#### ABOUT THIS TASK
Return exactly the span of lines in the following data that opens with the line containing "Patterson was with" and closes with the line containing "Construction Worker With". Include nothing else.

Segment Open

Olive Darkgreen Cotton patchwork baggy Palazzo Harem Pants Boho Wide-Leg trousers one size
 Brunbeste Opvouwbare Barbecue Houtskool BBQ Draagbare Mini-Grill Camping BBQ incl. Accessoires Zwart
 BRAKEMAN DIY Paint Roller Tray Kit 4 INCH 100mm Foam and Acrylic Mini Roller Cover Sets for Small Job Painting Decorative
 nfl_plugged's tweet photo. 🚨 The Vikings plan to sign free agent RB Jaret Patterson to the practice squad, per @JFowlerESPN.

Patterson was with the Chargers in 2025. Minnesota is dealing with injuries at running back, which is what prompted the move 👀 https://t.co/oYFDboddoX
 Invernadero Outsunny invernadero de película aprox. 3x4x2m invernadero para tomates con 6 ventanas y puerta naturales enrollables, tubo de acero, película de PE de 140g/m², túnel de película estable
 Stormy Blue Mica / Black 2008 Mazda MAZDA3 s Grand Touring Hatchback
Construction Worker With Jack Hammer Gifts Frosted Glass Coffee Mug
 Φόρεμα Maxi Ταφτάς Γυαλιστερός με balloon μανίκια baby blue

Segment Closed

#### SOLUTION
Patterson was with the Chargers in 2025. Minnesota is dealing with injuries at running back, which is what prompted the move 👀 https://t.co/oYFDboddoX
 Invernadero Outsunny invernadero de película aprox. 3x4x2m invernadero para tomates con 6 ventanas y puerta naturales enrollables, tubo de acero, película de PE de 140g/m², túnel de película estable
 Stormy Blue Mica / Black 2008 Mazda MAZDA3 s Grand Touring Hatchback
Construction Worker With Jack Hammer Gifts Frosted Glass Coffee Mug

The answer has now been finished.